This exercise calls for the line with "2017 Hyundai TUCSON SE", the line with "(IMAGES EXCLUSIVES) UNE", and all lines between them in the material below, output exactly and with no other lines.

*TASK MATERIAL*
########################################
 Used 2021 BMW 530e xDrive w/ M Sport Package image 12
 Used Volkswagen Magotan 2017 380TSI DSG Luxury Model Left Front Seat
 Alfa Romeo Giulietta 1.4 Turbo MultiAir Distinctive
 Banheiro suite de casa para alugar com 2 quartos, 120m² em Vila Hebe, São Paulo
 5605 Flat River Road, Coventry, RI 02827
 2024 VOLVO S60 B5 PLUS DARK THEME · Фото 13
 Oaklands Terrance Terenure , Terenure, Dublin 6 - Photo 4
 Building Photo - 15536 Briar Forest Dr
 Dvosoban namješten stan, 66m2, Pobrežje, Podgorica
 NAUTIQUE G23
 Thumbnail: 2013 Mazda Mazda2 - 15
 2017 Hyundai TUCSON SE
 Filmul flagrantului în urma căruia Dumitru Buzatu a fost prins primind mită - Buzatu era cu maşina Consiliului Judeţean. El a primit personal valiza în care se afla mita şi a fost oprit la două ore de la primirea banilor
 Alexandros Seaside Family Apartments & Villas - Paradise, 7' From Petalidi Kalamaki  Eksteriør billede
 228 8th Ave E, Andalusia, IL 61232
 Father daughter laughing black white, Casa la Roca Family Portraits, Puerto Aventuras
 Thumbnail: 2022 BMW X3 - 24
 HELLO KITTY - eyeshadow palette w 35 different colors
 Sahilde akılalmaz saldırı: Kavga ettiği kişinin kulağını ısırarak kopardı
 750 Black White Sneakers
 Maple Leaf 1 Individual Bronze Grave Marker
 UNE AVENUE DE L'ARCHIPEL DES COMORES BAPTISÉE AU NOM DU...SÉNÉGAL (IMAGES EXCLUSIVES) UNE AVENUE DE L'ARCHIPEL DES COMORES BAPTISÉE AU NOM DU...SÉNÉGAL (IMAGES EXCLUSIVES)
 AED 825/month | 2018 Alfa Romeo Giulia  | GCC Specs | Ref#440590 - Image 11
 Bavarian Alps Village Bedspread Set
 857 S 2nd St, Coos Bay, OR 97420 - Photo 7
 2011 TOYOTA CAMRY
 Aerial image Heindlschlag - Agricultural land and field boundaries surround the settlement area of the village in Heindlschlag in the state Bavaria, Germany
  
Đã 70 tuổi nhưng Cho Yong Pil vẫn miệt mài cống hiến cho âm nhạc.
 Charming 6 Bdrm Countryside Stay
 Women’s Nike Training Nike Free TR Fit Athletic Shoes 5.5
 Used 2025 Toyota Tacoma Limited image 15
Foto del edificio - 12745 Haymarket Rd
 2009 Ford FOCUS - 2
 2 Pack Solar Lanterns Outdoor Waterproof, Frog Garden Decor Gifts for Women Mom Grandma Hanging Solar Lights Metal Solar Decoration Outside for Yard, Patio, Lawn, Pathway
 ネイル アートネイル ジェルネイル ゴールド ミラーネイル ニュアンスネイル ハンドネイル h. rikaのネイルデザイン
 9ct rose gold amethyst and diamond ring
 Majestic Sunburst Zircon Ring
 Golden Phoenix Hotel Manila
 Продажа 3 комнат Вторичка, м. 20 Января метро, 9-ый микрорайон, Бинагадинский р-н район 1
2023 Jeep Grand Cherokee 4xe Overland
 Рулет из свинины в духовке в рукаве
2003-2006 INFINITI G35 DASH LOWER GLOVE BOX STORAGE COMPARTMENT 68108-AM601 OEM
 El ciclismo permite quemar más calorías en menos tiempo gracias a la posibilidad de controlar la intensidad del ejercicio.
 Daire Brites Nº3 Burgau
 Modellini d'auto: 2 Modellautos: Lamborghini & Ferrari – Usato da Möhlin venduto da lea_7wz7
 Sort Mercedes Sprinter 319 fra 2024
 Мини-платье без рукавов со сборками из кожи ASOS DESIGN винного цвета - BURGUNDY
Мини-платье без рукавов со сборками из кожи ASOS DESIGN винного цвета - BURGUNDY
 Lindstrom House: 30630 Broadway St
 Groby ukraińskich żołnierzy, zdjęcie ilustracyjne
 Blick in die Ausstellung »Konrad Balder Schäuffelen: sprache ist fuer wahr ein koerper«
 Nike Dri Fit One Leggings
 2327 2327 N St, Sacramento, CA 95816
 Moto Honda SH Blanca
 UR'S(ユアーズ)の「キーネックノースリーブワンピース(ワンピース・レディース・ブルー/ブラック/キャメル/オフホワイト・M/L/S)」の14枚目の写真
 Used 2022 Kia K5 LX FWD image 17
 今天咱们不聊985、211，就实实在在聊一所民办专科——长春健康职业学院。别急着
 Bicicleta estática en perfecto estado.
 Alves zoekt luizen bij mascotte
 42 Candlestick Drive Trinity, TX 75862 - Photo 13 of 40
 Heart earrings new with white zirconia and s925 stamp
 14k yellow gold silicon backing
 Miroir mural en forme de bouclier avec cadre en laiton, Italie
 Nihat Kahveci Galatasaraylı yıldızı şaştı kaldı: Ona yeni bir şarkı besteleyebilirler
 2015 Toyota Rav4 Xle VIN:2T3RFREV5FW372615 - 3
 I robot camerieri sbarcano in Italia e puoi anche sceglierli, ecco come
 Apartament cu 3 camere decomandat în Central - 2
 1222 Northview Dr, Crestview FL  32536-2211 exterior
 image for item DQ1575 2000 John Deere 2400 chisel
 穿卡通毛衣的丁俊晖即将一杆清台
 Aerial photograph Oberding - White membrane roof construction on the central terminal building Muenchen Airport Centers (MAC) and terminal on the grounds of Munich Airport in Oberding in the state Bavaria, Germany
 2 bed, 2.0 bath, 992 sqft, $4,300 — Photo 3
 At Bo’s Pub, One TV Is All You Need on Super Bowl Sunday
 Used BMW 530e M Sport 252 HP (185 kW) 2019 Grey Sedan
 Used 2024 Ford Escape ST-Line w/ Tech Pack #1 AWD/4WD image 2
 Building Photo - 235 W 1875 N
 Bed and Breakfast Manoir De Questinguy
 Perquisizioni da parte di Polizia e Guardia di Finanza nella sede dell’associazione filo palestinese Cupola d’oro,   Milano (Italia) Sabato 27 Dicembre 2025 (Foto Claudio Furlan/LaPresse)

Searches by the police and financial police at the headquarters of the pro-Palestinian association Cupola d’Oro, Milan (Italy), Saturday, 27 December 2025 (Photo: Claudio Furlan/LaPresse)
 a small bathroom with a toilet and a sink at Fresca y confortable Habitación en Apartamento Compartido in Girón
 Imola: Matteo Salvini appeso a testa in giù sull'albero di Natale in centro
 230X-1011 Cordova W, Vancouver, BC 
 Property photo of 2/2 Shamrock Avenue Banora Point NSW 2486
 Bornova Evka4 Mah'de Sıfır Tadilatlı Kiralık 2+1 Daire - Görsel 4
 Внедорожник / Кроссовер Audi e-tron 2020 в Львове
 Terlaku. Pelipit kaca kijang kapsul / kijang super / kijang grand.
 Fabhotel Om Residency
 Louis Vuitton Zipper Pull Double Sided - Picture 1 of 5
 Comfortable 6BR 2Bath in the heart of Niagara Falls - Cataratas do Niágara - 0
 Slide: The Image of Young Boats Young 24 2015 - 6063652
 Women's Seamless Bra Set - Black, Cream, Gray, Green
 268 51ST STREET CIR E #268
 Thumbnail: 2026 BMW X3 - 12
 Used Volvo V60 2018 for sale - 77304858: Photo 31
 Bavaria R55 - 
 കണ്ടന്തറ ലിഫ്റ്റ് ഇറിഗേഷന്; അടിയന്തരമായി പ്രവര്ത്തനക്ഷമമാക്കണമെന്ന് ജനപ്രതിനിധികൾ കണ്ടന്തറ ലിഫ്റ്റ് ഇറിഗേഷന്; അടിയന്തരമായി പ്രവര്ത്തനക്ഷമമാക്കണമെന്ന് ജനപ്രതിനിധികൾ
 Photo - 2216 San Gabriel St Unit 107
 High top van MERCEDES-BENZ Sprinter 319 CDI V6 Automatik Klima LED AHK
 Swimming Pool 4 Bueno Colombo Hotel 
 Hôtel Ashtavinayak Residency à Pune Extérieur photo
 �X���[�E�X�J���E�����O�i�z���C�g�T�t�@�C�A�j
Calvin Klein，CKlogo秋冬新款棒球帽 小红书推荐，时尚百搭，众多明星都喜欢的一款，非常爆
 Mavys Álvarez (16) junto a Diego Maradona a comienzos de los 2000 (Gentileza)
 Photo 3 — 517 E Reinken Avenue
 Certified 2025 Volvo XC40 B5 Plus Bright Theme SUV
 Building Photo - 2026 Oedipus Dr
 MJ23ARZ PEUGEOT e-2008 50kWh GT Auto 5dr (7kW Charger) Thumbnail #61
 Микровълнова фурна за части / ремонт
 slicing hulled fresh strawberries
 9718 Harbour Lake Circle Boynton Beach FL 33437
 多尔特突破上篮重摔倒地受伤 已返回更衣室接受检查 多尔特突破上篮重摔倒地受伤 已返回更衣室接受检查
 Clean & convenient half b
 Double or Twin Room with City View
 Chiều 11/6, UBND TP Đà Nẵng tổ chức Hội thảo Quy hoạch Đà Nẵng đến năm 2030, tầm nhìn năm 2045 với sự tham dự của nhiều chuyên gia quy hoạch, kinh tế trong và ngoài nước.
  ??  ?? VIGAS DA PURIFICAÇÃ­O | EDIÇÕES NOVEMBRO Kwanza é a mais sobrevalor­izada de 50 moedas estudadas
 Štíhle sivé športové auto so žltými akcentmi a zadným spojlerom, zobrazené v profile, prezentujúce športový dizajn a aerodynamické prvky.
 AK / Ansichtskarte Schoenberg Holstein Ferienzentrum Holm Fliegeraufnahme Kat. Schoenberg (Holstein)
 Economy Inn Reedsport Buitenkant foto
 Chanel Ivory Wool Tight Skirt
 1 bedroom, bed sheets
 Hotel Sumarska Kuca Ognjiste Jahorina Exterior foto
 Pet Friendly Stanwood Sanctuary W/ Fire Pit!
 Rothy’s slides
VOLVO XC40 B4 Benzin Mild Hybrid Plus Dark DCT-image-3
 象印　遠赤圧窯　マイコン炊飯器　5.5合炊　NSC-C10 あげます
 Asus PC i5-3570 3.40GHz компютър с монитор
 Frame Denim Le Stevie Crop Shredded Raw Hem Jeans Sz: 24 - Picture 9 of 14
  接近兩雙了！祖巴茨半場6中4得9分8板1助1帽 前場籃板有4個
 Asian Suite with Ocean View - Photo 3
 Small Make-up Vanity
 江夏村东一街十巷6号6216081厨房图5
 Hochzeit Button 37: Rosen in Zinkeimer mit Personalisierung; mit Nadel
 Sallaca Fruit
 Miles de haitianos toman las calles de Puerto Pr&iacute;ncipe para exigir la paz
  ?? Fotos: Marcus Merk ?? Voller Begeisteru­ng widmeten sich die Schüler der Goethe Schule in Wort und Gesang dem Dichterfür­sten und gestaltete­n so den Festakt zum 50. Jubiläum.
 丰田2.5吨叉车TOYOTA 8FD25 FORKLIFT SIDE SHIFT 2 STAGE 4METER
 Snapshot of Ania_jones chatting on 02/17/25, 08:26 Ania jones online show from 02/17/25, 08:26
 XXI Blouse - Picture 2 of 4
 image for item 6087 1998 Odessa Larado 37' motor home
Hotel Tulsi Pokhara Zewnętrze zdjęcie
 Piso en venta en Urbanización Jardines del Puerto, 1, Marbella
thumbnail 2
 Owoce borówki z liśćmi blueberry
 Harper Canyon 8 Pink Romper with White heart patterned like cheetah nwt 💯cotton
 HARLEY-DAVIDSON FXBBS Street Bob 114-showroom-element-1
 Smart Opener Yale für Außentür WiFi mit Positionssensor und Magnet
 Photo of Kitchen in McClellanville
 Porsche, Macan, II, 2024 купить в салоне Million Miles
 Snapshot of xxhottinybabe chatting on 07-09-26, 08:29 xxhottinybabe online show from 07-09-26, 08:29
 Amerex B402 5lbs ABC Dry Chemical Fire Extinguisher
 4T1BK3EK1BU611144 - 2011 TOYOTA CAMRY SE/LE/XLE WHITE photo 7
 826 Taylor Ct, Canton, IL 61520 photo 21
########################################
*RESPONSE BELOW*
 2017 Hyundai TUCSON SE
 Filmul flagrantului în urma căruia Dumitru Buzatu a fost prins primind mită - Buzatu era cu maşina Consiliului Judeţean. El a primit personal valiza în care se afla mita şi a fost oprit la două ore de la primirea banilor
 Alexandros Seaside Family Apartments & Villas - Paradise, 7' From Petalidi Kalamaki  Eksteriør billede
 228 8th Ave E, Andalusia, IL 61232
 Father daughter laughing black white, Casa la Roca Family Portraits, Puerto Aventuras
 Thumbnail: 2022 BMW X3 - 24
 HELLO KITTY - eyeshadow palette w 35 different colors
 Sahilde akılalmaz saldırı: Kavga ettiği kişinin kulağını ısırarak kopardı
 750 Black White Sneakers
 Maple Leaf 1 Individual Bronze Grave Marker
 UNE AVENUE DE L'ARCHIPEL DES COMORES BAPTISÉE AU NOM DU...SÉNÉGAL (IMAGES EXCLUSIVES) UNE AVENUE DE L'ARCHIPEL DES COMORES BAPTISÉE AU NOM DU...SÉNÉGAL (IMAGES EXCLUSIVES)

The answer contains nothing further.